Required work: Set out exactly every line of the entries below, starting at the line that holds "Mochila Brocado Litúrgico Guadalupe Mini" and stopping after the line that holds "Tablet Screenshot of festivalglamping.com".

Extracted records:
- - - - - - -

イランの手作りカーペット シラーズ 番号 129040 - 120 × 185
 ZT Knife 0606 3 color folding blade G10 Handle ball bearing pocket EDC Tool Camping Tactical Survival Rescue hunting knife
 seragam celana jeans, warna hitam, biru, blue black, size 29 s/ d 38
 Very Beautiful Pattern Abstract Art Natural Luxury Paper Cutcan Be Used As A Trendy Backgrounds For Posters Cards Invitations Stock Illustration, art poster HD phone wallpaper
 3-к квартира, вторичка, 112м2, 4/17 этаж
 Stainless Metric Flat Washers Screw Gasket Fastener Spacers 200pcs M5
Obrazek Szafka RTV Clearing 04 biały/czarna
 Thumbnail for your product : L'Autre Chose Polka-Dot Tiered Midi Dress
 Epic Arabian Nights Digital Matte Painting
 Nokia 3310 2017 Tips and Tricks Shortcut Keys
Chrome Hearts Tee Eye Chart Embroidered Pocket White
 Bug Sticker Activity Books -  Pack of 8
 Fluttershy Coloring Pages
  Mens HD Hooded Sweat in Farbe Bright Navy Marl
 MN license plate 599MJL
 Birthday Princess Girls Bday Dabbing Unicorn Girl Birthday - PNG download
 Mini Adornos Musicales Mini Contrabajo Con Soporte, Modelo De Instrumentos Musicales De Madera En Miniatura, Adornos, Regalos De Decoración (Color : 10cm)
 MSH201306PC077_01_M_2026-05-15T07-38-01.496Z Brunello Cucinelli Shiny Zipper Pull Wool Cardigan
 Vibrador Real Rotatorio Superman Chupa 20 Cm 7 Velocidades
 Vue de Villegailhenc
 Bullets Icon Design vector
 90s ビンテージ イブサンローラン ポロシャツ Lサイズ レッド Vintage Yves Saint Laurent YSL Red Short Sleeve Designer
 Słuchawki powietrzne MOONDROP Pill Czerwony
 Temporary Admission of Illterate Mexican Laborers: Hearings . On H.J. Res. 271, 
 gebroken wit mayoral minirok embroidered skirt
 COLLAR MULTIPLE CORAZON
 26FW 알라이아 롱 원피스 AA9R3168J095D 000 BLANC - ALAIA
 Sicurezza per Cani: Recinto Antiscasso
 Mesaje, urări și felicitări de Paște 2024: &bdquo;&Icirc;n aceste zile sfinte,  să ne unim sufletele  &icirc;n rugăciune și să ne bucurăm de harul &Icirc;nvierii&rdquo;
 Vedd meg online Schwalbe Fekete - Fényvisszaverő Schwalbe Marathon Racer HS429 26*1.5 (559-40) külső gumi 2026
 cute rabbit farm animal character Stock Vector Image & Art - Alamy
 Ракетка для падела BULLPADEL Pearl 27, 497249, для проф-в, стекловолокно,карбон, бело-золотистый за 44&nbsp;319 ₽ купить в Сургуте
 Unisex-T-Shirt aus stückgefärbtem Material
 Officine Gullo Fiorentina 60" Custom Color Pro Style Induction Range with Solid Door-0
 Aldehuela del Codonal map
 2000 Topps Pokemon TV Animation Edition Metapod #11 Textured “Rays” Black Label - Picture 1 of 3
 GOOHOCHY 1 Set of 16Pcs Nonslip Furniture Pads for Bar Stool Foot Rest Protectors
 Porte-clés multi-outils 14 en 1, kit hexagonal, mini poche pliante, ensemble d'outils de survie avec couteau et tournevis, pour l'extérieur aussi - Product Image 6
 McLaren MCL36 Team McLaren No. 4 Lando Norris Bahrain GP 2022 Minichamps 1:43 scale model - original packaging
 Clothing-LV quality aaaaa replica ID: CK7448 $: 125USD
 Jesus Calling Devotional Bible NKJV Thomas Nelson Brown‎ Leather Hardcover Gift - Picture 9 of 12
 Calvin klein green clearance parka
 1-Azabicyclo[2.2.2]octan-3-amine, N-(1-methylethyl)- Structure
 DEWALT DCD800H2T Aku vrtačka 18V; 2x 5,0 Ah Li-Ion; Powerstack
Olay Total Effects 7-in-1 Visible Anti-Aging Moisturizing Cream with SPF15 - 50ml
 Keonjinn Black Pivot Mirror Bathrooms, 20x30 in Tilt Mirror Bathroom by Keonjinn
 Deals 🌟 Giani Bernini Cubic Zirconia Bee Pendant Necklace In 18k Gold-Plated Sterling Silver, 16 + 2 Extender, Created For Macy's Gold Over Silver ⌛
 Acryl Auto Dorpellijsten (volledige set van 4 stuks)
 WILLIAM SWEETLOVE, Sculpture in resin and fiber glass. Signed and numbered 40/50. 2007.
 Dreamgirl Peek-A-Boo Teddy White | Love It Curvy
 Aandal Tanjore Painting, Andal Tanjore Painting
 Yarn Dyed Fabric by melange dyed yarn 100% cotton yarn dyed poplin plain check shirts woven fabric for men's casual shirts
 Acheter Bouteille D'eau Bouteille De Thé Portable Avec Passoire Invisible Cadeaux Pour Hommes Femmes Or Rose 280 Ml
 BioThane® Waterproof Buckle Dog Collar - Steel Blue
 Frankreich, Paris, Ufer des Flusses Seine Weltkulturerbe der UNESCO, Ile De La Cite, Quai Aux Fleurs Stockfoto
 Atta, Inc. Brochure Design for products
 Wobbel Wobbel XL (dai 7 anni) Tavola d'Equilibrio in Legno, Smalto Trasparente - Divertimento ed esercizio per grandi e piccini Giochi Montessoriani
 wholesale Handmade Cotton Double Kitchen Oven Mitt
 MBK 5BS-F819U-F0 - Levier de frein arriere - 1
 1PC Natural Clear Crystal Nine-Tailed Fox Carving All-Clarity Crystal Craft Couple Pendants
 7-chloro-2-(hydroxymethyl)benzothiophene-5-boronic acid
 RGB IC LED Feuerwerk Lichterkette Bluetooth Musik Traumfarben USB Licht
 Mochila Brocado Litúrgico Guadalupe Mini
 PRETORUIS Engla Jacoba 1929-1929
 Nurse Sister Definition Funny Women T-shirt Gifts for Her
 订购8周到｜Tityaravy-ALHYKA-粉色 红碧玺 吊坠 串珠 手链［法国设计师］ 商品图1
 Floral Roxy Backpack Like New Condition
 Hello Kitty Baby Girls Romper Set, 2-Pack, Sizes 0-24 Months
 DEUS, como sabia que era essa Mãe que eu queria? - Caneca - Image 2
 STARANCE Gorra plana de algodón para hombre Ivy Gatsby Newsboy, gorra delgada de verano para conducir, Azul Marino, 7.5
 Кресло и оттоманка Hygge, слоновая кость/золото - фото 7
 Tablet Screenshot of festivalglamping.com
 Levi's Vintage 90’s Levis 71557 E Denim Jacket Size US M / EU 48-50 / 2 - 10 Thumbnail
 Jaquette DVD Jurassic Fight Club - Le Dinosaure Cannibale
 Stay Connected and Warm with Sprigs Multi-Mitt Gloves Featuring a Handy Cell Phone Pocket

- - - - - - -

Reply to the exercise:
 Mochila Brocado Litúrgico Guadalupe Mini
 PRETORUIS Engla Jacoba 1929-1929
 Nurse Sister Definition Funny Women T-shirt Gifts for Her
 订购8周到｜Tityaravy-ALHYKA-粉色 红碧玺 吊坠 串珠 手链［法国设计师］ 商品图1
 Floral Roxy Backpack Like New Condition
 Hello Kitty Baby Girls Romper Set, 2-Pack, Sizes 0-24 Months
 DEUS, como sabia que era essa Mãe que eu queria? - Caneca - Image 2
 STARANCE Gorra plana de algodón para hombre Ivy Gatsby Newsboy, gorra delgada de verano para conducir, Azul Marino, 7.5
 Кресло и оттоманка Hygge, слоновая кость/золото - фото 7
 Tablet Screenshot of festivalglamping.com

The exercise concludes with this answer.